Databricks Community

Paul92S · ‎02-20-2024

Hi,

I am having an issue of loading source data into a delta table/ unity catalog. The error we are recieving is the following:

grpc_message:"[DELTA_EXCEED_CHAR_VARCHAR_LIMIT] Exceeds char/varchar type length limitation. Failed check: (isnull(\'metric_name) OR (length(\'metric_name) <= 0))

We get this issue when executing the line below:

source_df.write.format("delta").mode("overwrite").option("mergeSchema", "true").save(destination_mount_filepath)

The background of this is we are loading raw data into a delta table in mounted storage.
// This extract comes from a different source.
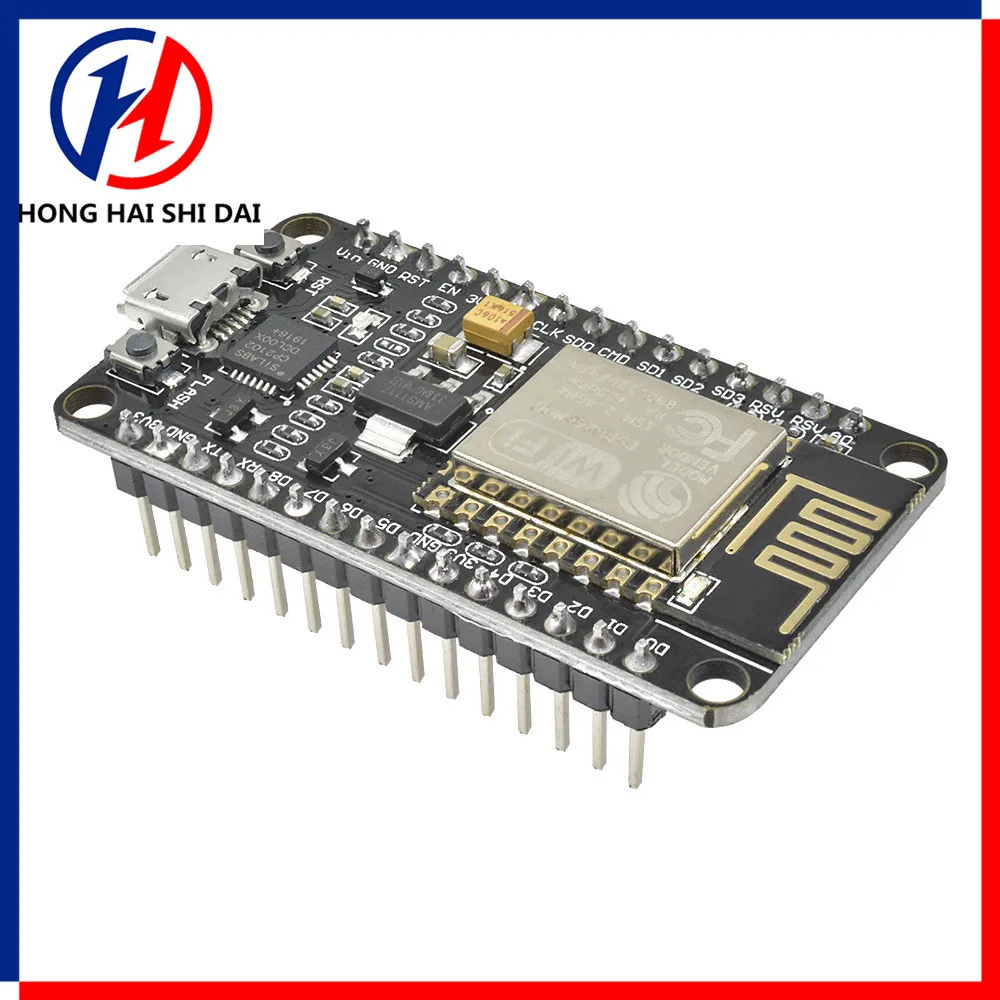 Nodemcu WiFi Development Board, Wireless Expansion Module, Micro USB Port, V2, ESP8266, ESP-12E, ESP 12E, CP2102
I have tried unmounting/remounting storage and recreating the container in storage account. I have checked and validated the data and there are no rows that would fall to this match. I have tried dropping the Unity Catalog tables and using the dbutils to remove the old data behind the Catalog tables to no avail.

Paul92S · ‎04-26-2024

Hi Palash,

We have Unity Catalogs created off external table locations, which are mounted to Databricks from azure DL. If a change of schema has come from upstream this causes this issue. To resolve, read in new source schema names from raw. Performed ALTER TABLE include these new columns then had to run UPDATE SET on the columns to give them an empty string ''. This then allowed for dataframe to overwrite the files in mounted storage without causing an error

View solution in original post

Palash01 · ‎02-20-2024

Hey @Paul92S

Looking at the error message it looks like column "metric_name" is the culprit here:

Understanding the Error:

Character Limit Violation: The error indicates that values in the metric_name column are exceeding the maximum length allowed for char/varchar data types in Unity Catalog.
Schema Mismatch: This likely stems from a discrepancy between the source data schema and the existing Delta table schema.

Troubleshooting Steps:

Use source_df.printSchema() to verify the actual schema of your source data, paying close attention to the metric_name column's data type and length.
Use spark.read.format("delta").load(destination_mount_filepath).printSchema() to inspect the current schema of the Delta table.
If feasible, consider altering the metric_name column in the Delta table to accommodate longer values using ALTER TABLE TABLE_NAME ALTER COLUMN COLUMN_NAME;
If increasing column size isn't viable, explore truncating values in the metric_name column before writing to the Delta table.
If the error message refers to isnull('metric_name'), ensure there are no unintended null values in that column.
If empty strings are valid for metric_name, explicitly set those values to empty strings in the source DataFrame.
Also, check if the incremental files has a different schema vs the file you are using to create the table.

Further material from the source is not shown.